■ How to complete this task: Below are lines of data, and only some are wanted. Please repeat exactly those from the line that has "MusicGPT – KI Song Generator screenshot" through the line that has "Deflectors Sunbed Eye Protection".
BEGIN Supplied records
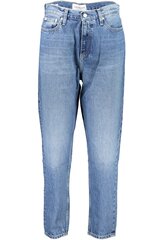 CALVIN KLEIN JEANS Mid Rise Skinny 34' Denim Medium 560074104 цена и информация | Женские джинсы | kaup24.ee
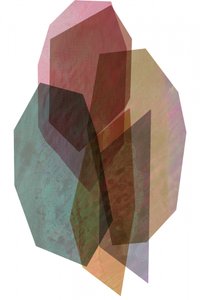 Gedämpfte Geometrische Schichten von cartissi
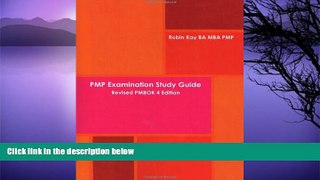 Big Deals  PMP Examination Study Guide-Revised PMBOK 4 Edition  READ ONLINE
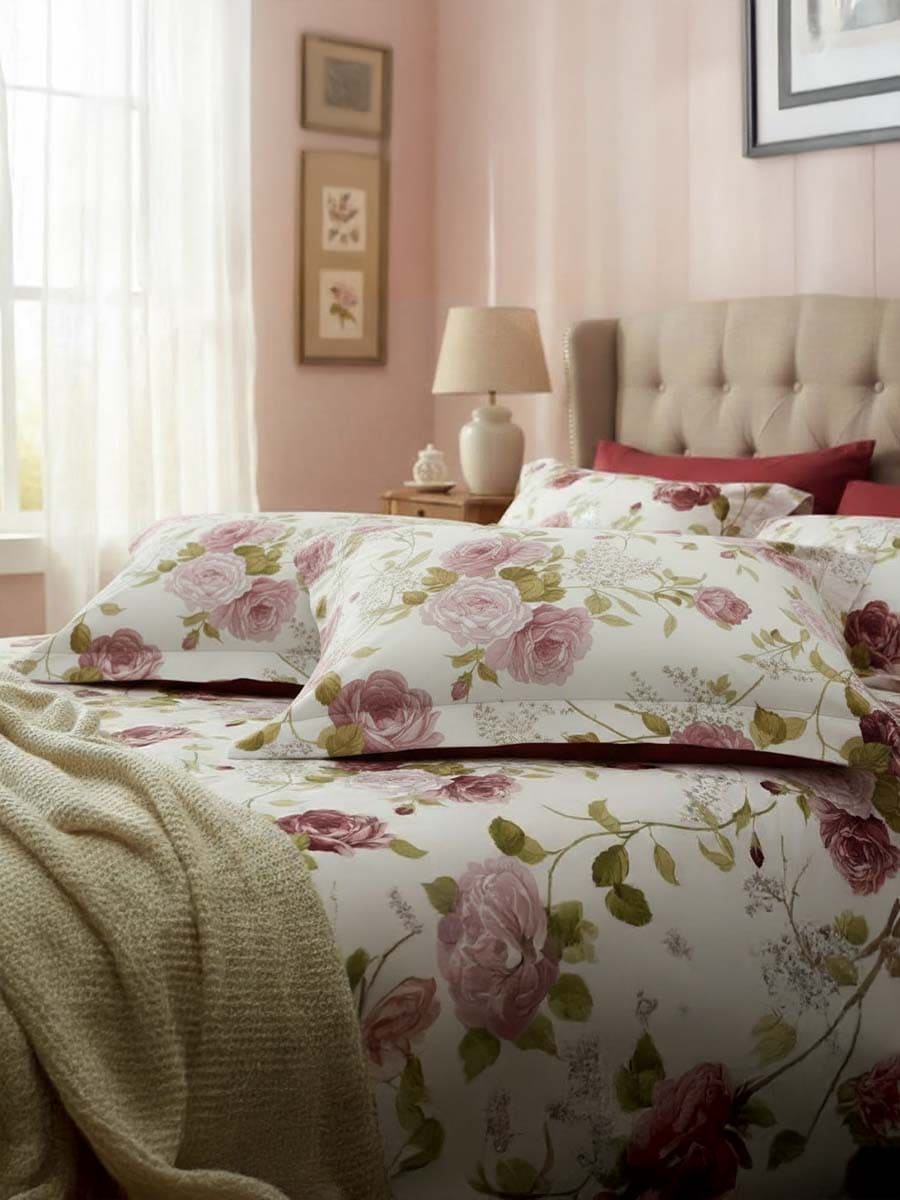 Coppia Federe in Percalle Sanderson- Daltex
END Supplied records
BEGIN Supplied records
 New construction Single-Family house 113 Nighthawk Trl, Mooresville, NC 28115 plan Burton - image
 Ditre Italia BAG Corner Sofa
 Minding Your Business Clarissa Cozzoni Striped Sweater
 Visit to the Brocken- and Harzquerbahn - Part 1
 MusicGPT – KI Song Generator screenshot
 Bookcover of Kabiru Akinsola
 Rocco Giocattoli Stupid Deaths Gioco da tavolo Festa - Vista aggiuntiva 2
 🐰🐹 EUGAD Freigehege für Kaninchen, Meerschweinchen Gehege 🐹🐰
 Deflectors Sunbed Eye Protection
END Supplied records
BEGIN Supplied records
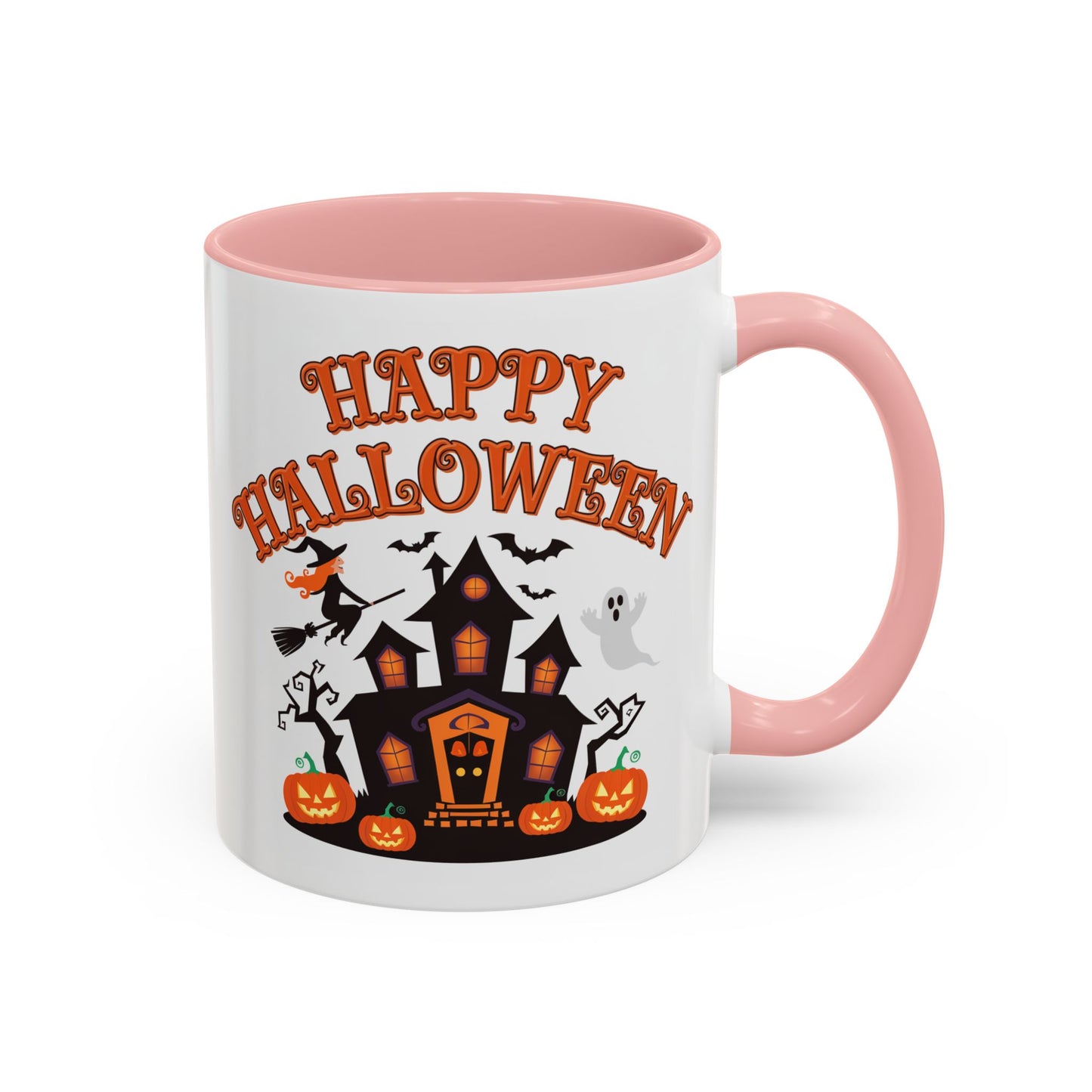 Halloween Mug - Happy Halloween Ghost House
END Supplied records
■ Answer for this exercise:
 MusicGPT – KI Song Generator screenshot
 Bookcover of Kabiru Akinsola
 Rocco Giocattoli Stupid Deaths Gioco da tavolo Festa - Vista aggiuntiva 2
 🐰🐹 EUGAD Freigehege für Kaninchen, Meerschweinchen Gehege 🐹🐰
 Deflectors Sunbed Eye Protection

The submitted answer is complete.